Deep Active Inference: Issues with NaN predictions

Hello there.

I am attempting to create an “Active Inference” agent by means of several neural network models. Active Inference is a similar paradigm to Reinforcement Learning, so I thought it best to post here.

There is a very large amount of context that might be relevant to my queries, but I will be as terse as possible here. I am more than happy to elaborate on anything, please do ask about anything at all.

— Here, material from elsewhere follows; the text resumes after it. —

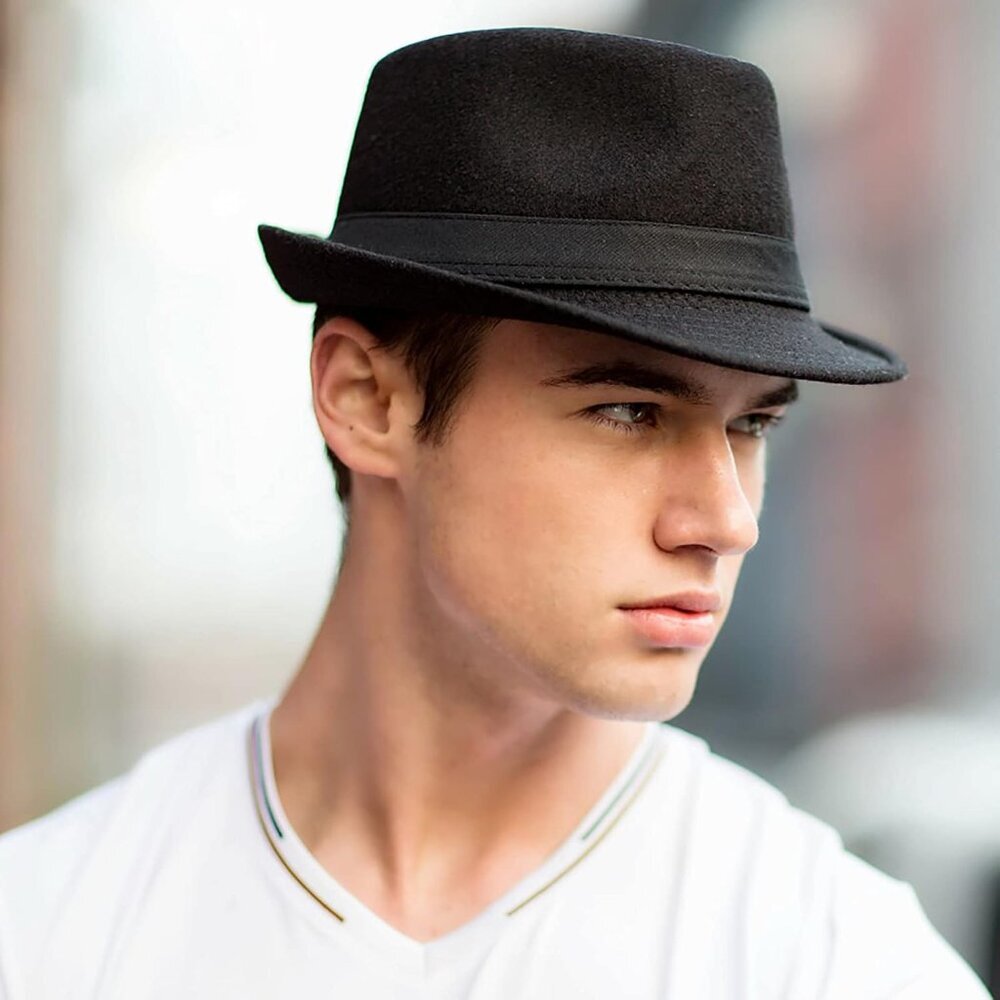 Mens Classic Plaid Manhattan Structured Gangster Trilby Fedora Hat Cuban Style D - Picture 6 of 9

In essence, I want to blend the use of deep active inference and heuristic tree search for planning. As an intermediate step toward this end, I simply want to blend the approaches found in these two papers: https://www.frontiersin.org/articles/10.3389/fncom.2020.574372/full and [2009.03622] Deep Active Inference for Partially Observable MDPs.

I am using the CartPole-v1 environment: Cart Pole - Gymnasium Documentation Hence the action space has carnality 2 and the state space is 4-dimensional. My code is a heavily modified version of that found in the repo from the second of the above papers.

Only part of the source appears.